Other commentary claims the decision of the four metzora-im is practical. Only if the city of Samaria functions again can they resume begging from travelers going in and out of the city gate. If they tell the good news at once to the king’s officials, they can count on the continued support of Israelite travelers. If they withhold the information and Samaria finds out later that the Aramaean army is gone, the Israelites will have a grudge against them. And if they load up Aramaean donkeys with Aramaean goods and try to make a new life elsewhere, they will still be discriminated against because of their skin disease (and perhaps also because of their country of origin). Telling the king of Samaria at once and returning to their old lives as beggars at the gate is their most practical option. (And who knows, maybe later they will have a chance to trade the silver and gold they hid.)

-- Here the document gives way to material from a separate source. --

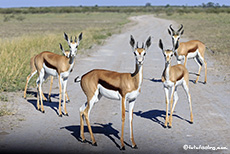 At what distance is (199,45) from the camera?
493 inches

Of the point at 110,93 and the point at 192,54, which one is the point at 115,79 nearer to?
the point at 110,93

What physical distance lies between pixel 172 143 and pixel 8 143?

Another viewpoint is that the metzora-im make an ethical decision. It would be wrong to let their fellow Israelites starve, when they now have the means to feed them. So what if their own people ostracized them, and will continue to do so? They can still do the right thing.
These four men are such good friends, so good at talking things through with each other, that I think they considered fear, utility, and ethics when they made their decision. I admire their realism in accepting that as long as their skin disease lasts, they will be ostracized, so the best life they can hope for is as beggars at the gate. (I also wish they would take a chance like Na-aman in last week’s haftarah, and dare to ask the prophet Elisha for a cure.)

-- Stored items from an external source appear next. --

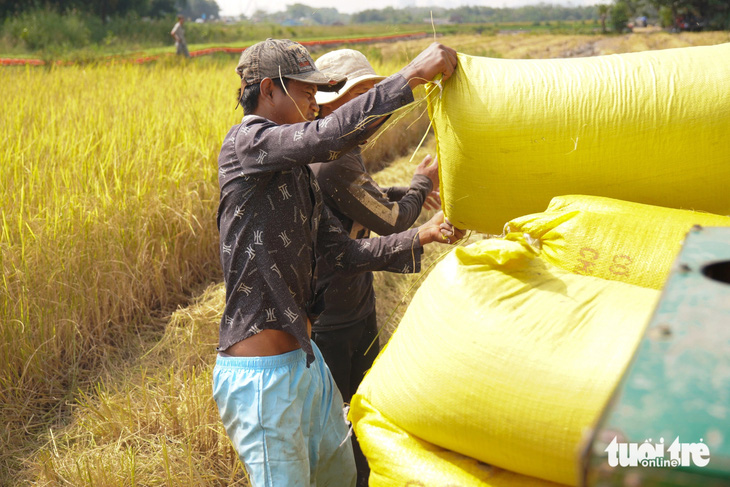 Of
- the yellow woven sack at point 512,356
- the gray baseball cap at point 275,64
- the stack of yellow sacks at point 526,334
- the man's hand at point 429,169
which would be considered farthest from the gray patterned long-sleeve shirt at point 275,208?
the man's hand at point 429,169

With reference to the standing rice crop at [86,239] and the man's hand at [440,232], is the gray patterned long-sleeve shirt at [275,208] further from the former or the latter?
the standing rice crop at [86,239]

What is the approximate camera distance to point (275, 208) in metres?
1.58

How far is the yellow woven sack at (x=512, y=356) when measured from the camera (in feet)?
3.31

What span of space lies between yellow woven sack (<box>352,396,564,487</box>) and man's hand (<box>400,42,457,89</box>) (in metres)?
0.73

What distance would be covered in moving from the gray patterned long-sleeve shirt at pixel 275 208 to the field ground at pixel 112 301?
20.3 inches

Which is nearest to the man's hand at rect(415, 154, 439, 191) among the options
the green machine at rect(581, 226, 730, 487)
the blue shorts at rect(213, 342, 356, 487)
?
the blue shorts at rect(213, 342, 356, 487)

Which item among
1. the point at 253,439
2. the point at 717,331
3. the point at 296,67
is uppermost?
the point at 296,67

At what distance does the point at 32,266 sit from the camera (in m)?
3.07

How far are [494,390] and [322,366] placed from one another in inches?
32.0

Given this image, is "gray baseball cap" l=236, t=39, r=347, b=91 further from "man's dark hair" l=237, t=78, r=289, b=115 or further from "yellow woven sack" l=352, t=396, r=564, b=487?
"yellow woven sack" l=352, t=396, r=564, b=487

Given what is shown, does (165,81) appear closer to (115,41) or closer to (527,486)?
(527,486)

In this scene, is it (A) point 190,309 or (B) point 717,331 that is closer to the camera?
(B) point 717,331

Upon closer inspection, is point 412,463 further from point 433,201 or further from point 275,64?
point 433,201

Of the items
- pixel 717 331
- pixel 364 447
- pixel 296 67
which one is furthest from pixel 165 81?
pixel 717 331
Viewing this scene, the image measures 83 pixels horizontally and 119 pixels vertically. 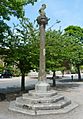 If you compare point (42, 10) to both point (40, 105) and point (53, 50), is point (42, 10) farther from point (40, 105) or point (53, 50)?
point (53, 50)

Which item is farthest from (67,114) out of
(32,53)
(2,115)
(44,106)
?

I also admire them for catching themselves in the midst of looting the abandoned Aramaean camp, and considering the plight of the people inside the city. What I admire most is that they do not enjoy the fact that now they are full and the people who kicked them out are starving. Instead they decide to share the wealth with the very people who refused to share with them—the clear-skinned city dwellers who followed the Levitical law of exclusion with no remediating measures.
None of us lead charmed lives; we are all ostracized or discriminated against at some point. But every person who resists a chance to discriminate against a former or potential enemy makes the world better.
May we all be blessed with the practicality and the ethical determination of the four metzora-im!